À l’appel de son beau-père, Sanglebœuf s’avança lentement. Roux, avec un grand corps, une face pleine et colorée, il avait, sous son front étroit, aux durs cheveux ras, de gros yeux d’un bleu trouble, un nez petit et mou, une grande bouche vorace, cachée à demi sous les épaisses moustaches.

Dès que le baron lui eut expliqué l’aide que David venait leur demander, il se fâcha, se montra brutal, tout en affectant une sorte de rondeur militaire.

— Me mêler de cette histoire, ah ! non, par exemple !… Vous m’excuserez, monsieur, si j’emploie mon crédit de député à des affaires plus claires et plus propres. Sans doute, je veux croire que vous êtes, vous, un honnête garçon. Mais, vraiment, vous aurez de la peine à défendre votre frère… Puis, enfin, comme le disent tous ceux qui sont de votre côté, nous sommes l’ennemi. Pourquoi vous adressez-vous à nous ?

Il regardait Marc, de ses gros yeux troubles courroucés, et il déblatéra contre les sans-Dieu, les sans-patrie, les insulteurs de l’armée.

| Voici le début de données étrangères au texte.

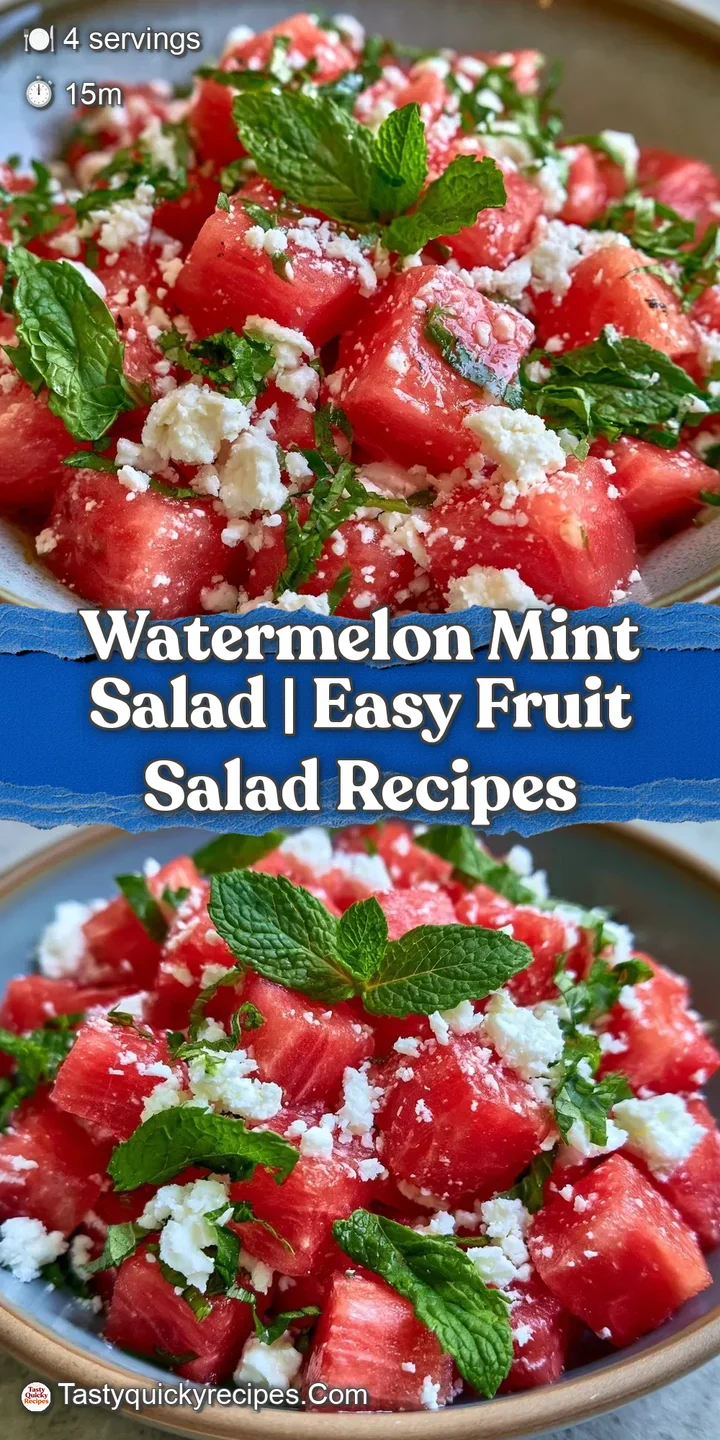Extreme close-up of juicy, glistening red watermelon cubes topped with a tiny mint leaf and a sprinkle of salt.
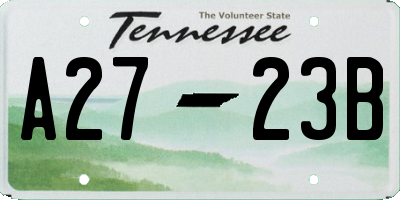 TN license plate A2723B
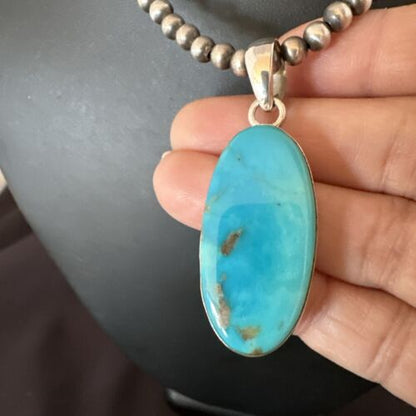 Navajo Blue Kingman Turquoise Pendant Necklace | Sterling Silver | 20" | Authentic Native American Handmade | 16992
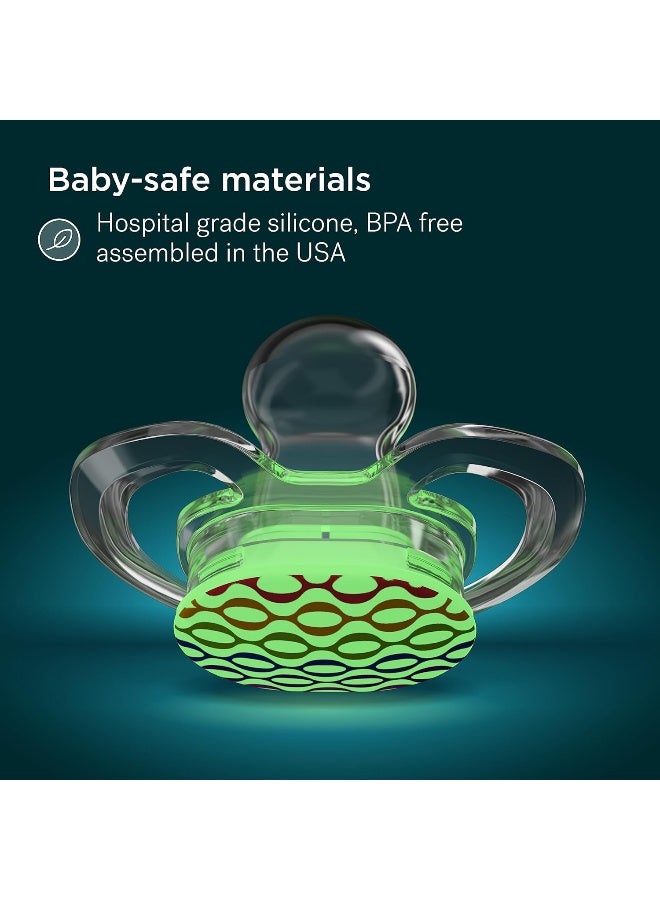 Smilo Baby Pacifier - 3 Pack of Slimline Pacifiers for Babies - Stage 3 for Babies 9+ Months - 100% Silicone Newborn Pacifiers BPA Free - Glow in The Dark - Winter Edition - Image 5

Trop jeune pour s’être battu en 70, il n’avait servi que dans les garnisons, sans jamais faire de campagne. Mais il n’en était pas moins resté cuirassier jusqu’aux moelles, selon une de ses expressions. Et il se vantait d’avoir mis à son chevet deux emblèmes, toute sa religion, le crucifix et le drapeau, son drapeau, pour lequel il n’était malheureusement pas mort.

— Voyez-vous, monsieur, quand vous aurez rétabli la croix dans les écoles, quand vos instituteurs feront des chrétiens au lieu de faire des citoyens, alors seulement vous pourrez compter sur nous, le jour où vous aurez un service à nous demander.